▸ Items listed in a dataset
***
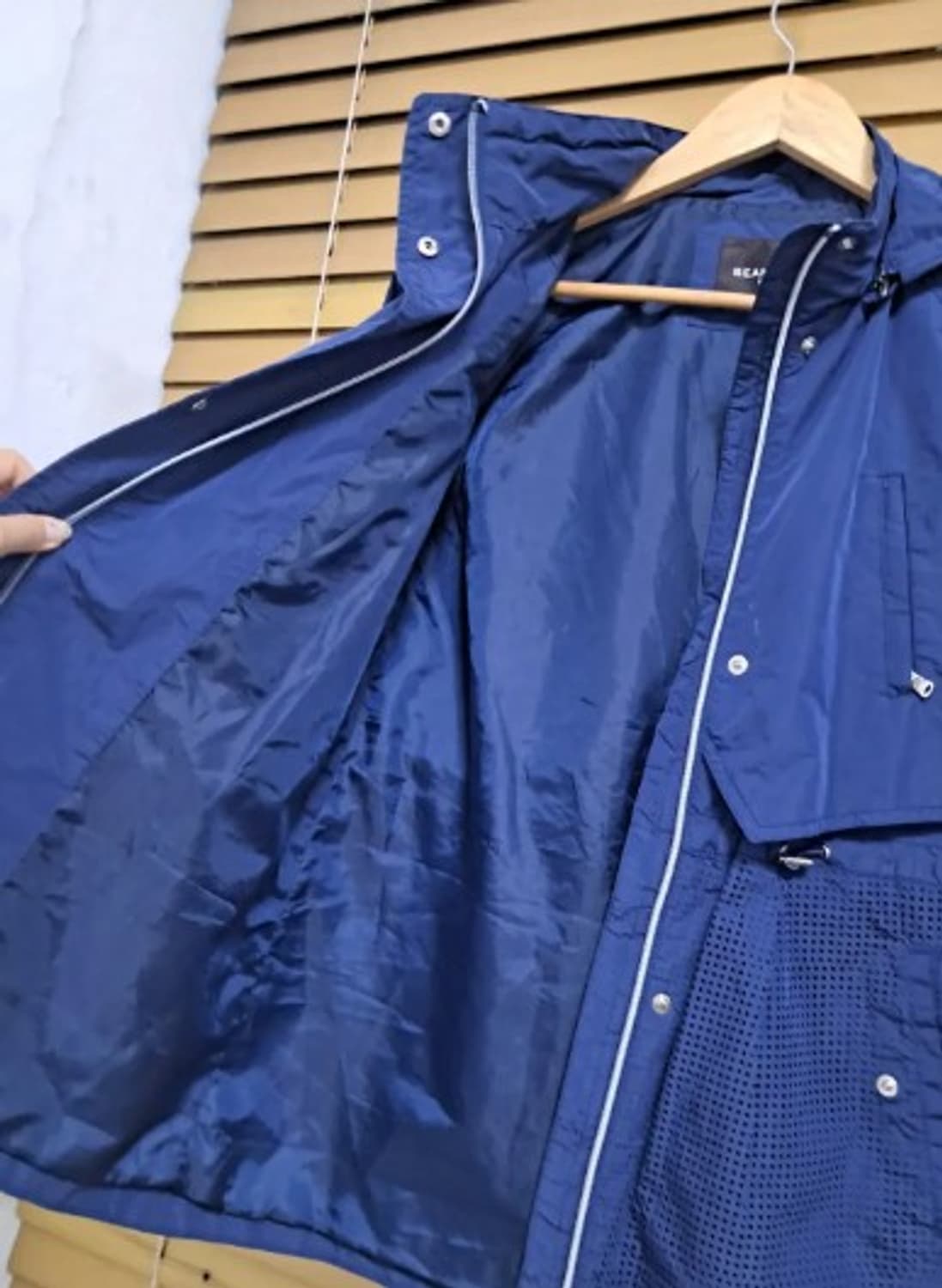 빈폴골프 여성 네이비바람막이점퍼 90사이즈 상품이미지4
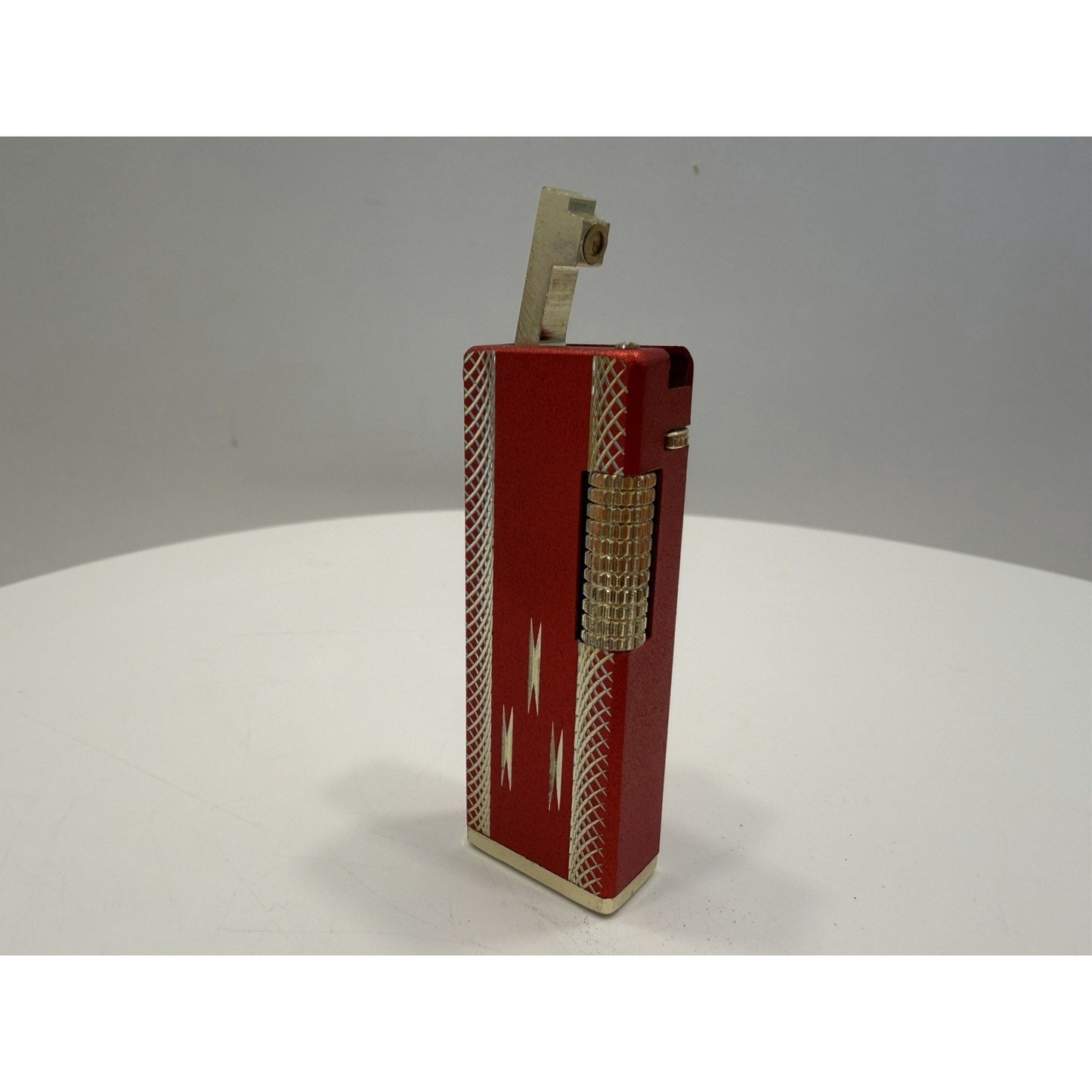 VINTAGE *NEW* 1950's Imperial Red/Gold Super Lighter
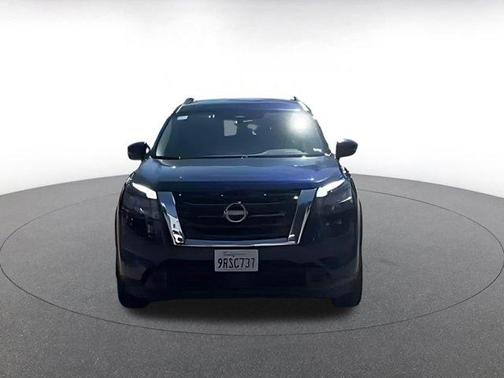 Deep Ocean Blue Pearl 2025 Nissan Pathfinder SV FWD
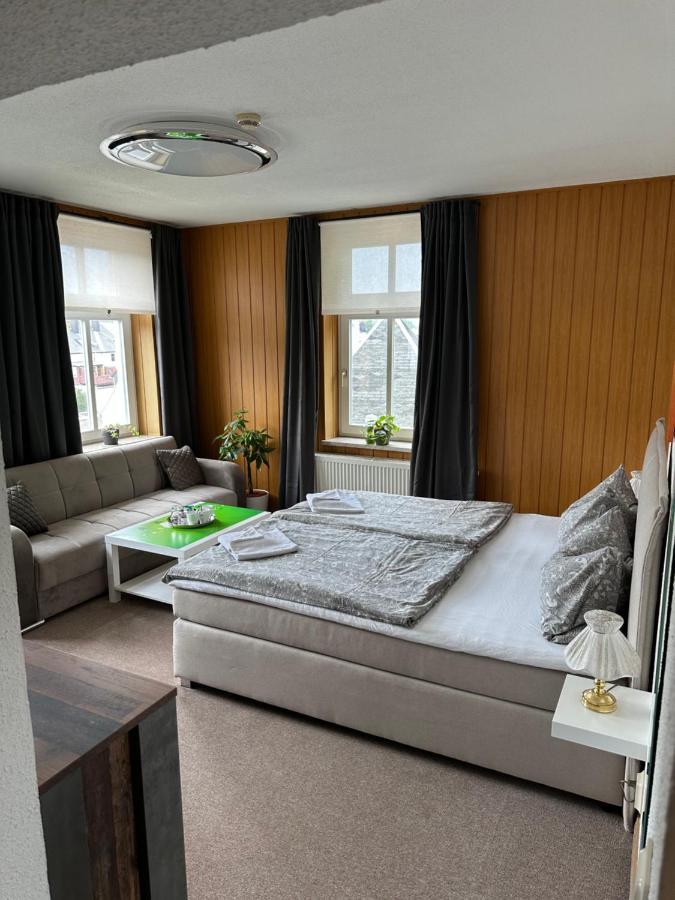 Pension Zur Wartburg Ольбернгау Екстер'єр фото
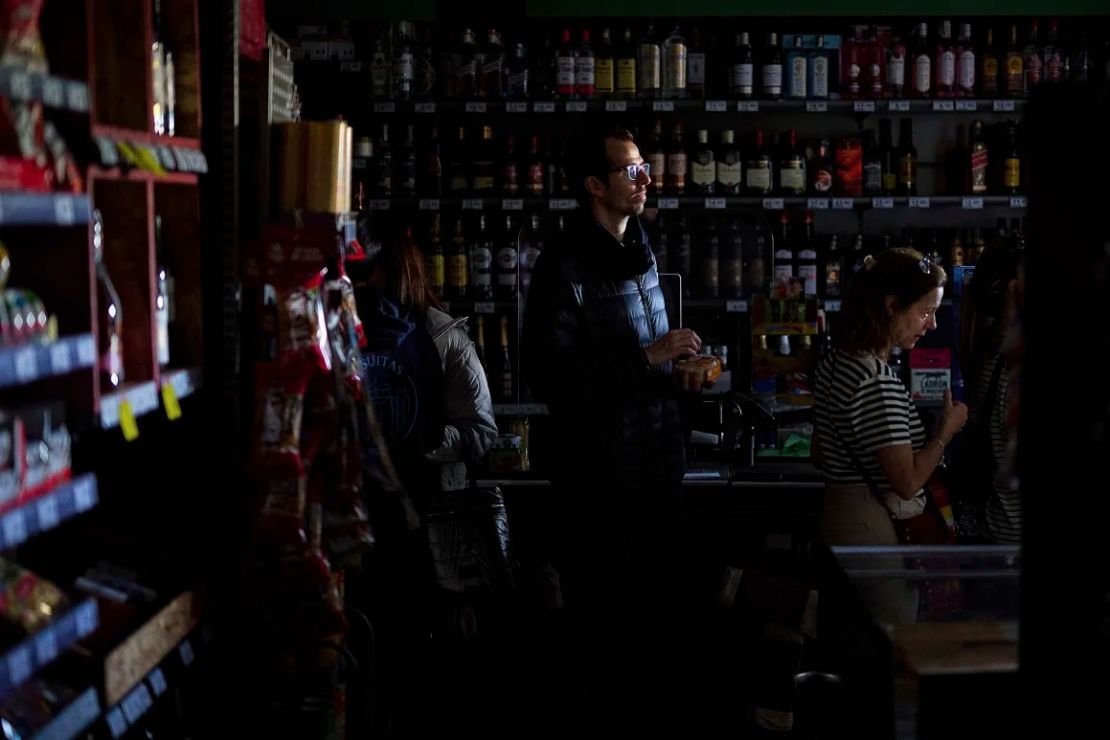 La gente hace cola para pagar en efectivo en un supermercado en Pamplona, en el norte de España.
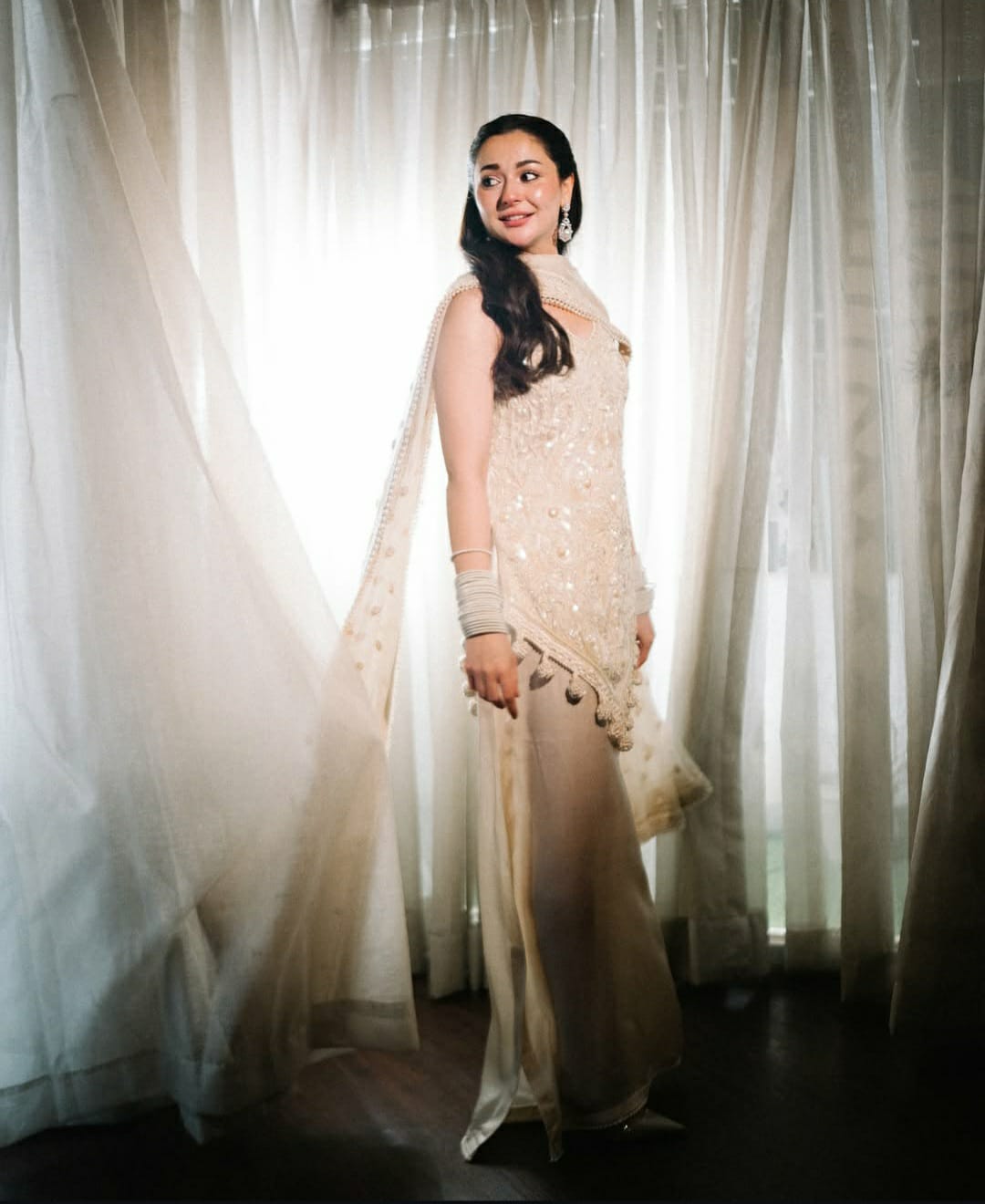 Izaar wirh border - Rizwan Beyg Design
***
▸ EXERCISE AIM
Set down nothing but the lines from the one containing "La gente hace" to the final line above, both included, with every picture left out.

▸ RESPONSE TO THE TASK
 La gente hace cola para pagar en efectivo en un supermercado en Pamplona, en el norte de España.
 Izaar wirh border - Rizwan Beyg Design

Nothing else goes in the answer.